I timori sull'euro si autoalimentano

HUGO DIXON

Quando la fiducia nella stabilità di un regime è scossa, questo può collassare rapidamente. La paura o la speranza del cambiamento altera il comportamento delle persone in modo da rendere più probabile quel cambiamento. Questo vale sia per i regimi politici come l’Egitto di Hosni Mubarak sia per regimi economici come l’euro.

Avere paura che la moneta unica possa crollare, ora rischia di diventare una profezia che si autoavvera. Le banche e gli investitori stanno cominciando a comportarsi come se la moneta unica potesse collassare. I politici e la Banca centrale europea hanno bisogno di ridare fiducia nel fatto che l’euro abbia un futuro. Altrimenti potrebbe degenerare piuttosto in fretta.

Fino a poche settimane fa l’idea che l’euro potesse non sopravvivere all’attuale crisi del debito era di poche frange marginali. Dal summit europeo del 26-27 ottobre è diventato uno scenario ufficialmente contemplato. Al punto che la scorsa settimana i premi di rischio sulle obbligazioni di Stati anche a tripla A come la Francia e l’Austria sono cresciuti a livelli record mentre la Spagna è diventata l’ultimo Paese ad essere risucchiato nella zona a rischio.

Il summit stesso ha preso due decisioni tecniche che hanno avuto cattive e inaspettate conseguenze. In primo luogo le banche sono andate incontro a uno shock che ha rivelato ai mercati la loro esposizione al debito sovrano là dove prima gli amministratori mantenevano la finzione di posizioni prive di rischio. Questo ha implicato per gli investitori iniziare a tenere i capitali per supportare i loro investimenti nel debito sovrano. Non sorprende che siano diventati più restii ad acquistare obbligazioni. Questo, di conseguenza ha reso più difficile agli Stati finanziarsi.

In secondo luogo il summit ha deciso di costringere le banche ad accettare su base «volontaria» la ristrutturazione del debito greco. Poiché si tratta di azioni su base volontaria non verrà attivato il Cds (credit default swap), un tipo di polizza assicurativa che paga in caso di fallimento del debitore.

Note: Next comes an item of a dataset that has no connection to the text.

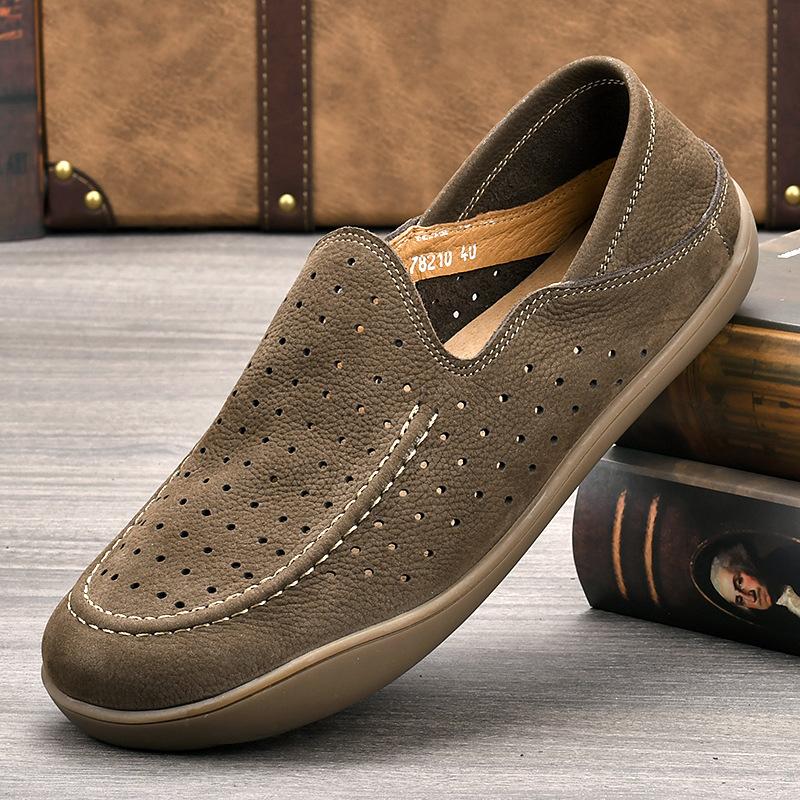 High Quality Genuine Leather Shoes for Men New Comfortable Flat Shoes Fashion Brand Cow Suede Men Loafers Casual Driving Shoes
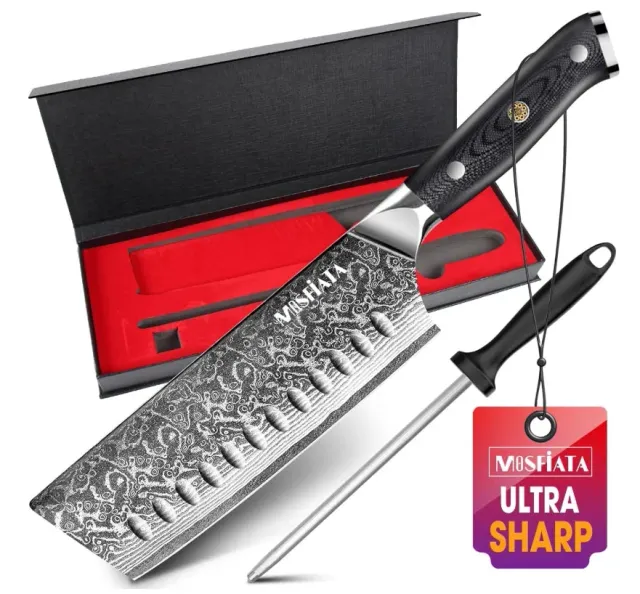 MOSFiATA Nakiri Damasco 7" VG10 Manico G10 67 Strati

Questo braccio di ferro ha convinto gli investitori che i Cds sono uno strumento inutile per fronteggiare il rischio di investire in obbligazioni di Stato dell’eurozona. Senza un argine molti preferiscono non investire affatto in obbligazioni di Stato - di nuovo rendendo la vita difficile agli Stati che devono finanziarsi.

Dopo il vertice le cose sono andate di male in peggio con il disastroso progetto della Grecia di sottoporre a referendum il suo ultimo piano di salvataggio. L’idea è stata abbandonata ma non prima che Francia e Germania suggerissero che Atene poteva essere cacciata dall’euro se non fosse venuta a patti. L’intoppo è che risulterebbe assai difficile isolare il caso greco. Se un Paese può abbandonare la moneta comune, perché non possono farlo altri due, tre, o tutti e 17?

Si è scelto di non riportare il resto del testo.